Vinschgau kauft die teuersten Jungkühe


Mit einer Auftriebszahl von 200 Stück konnte der Verband eine anständige Versteigerung abhalten, die im Vergleich zum Vorjahr deutlich größer war. Die Qualität der Tiere war mittelmäßig, besonders bei den Jungkühen. Im Vorfeld spürte man eine rege Nachfrage im Lande und auch aus dem norditalienischen Raum. 41 Tiere gingen dann auch außerhalb der Provinzgrenzen nach Piacenza, Perugia und Verona.
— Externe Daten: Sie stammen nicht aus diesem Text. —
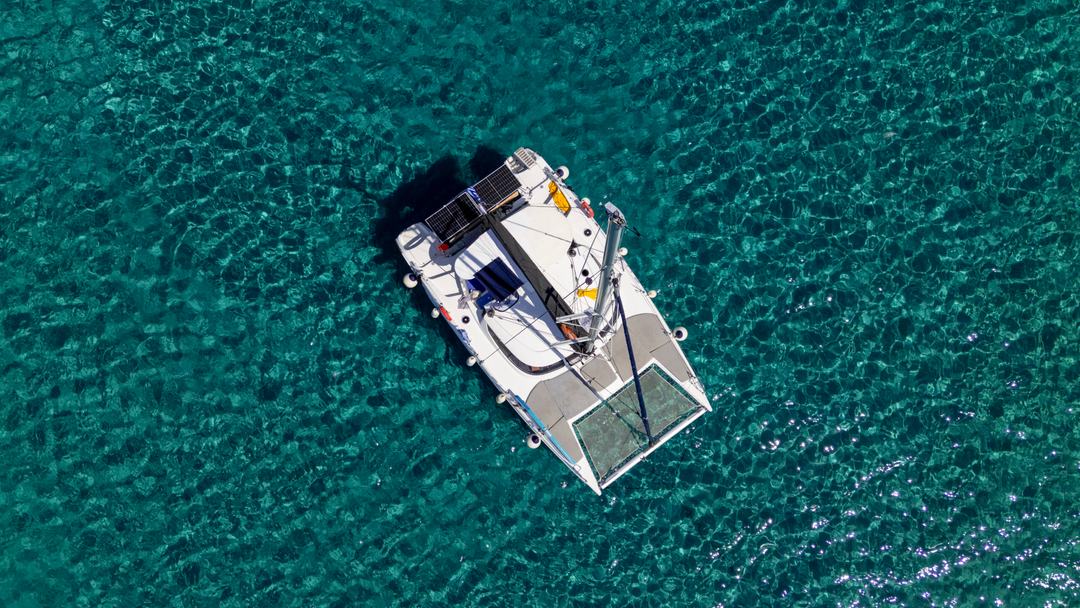 Top-down aerial of a white catamaran with bow trampoline nets anchored over clear green-teal water and a rippled sandy seabed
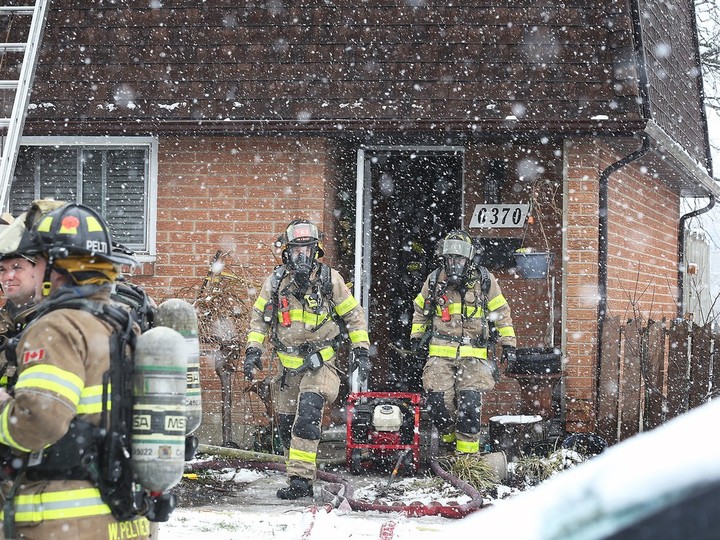  Windsor firefighters are shown at the scene of a townhouse fire on Tuesday, January 30, 2024 in the 6300 block of Thornberry Crescent.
Zwei Jungkühe von Wilhelm Auer aus Rein bzw. Lorenzen gingen auf exakt den gleichen Preis. Sie wechselten für 3.168 € nach Naturns zu Fliri Simon und zu Lorenz Müller nach Latsch. Auffallend waren die niederen Zellzahlwerte bei den Erstlingskühen.
Bei den trächtigen Kalbinnen waren mit 62 Stück ein schönes Angebot. Mit einem seltenen Spitzenpreis von 3.234 € kaufte Hansjörg Stofner, Wacker aus dem Sarntal eine Romario-Tochter zu von Gottfried Kofler aus Kiens. 6 Kalbinnen erzielten Schnittpreise von über 2.500 €.
Außer 3 Kälbern wurden alle Tiere abgegeben, war für eine hohe Zufriedenheit bei den Verkäufern spricht.
Die Preise bei den Zuchtkälbern zogen wieder an und sie erzielten sehr gute Preise.

Die nächste Versteigerung findet am 19. Juni in Bozen statt.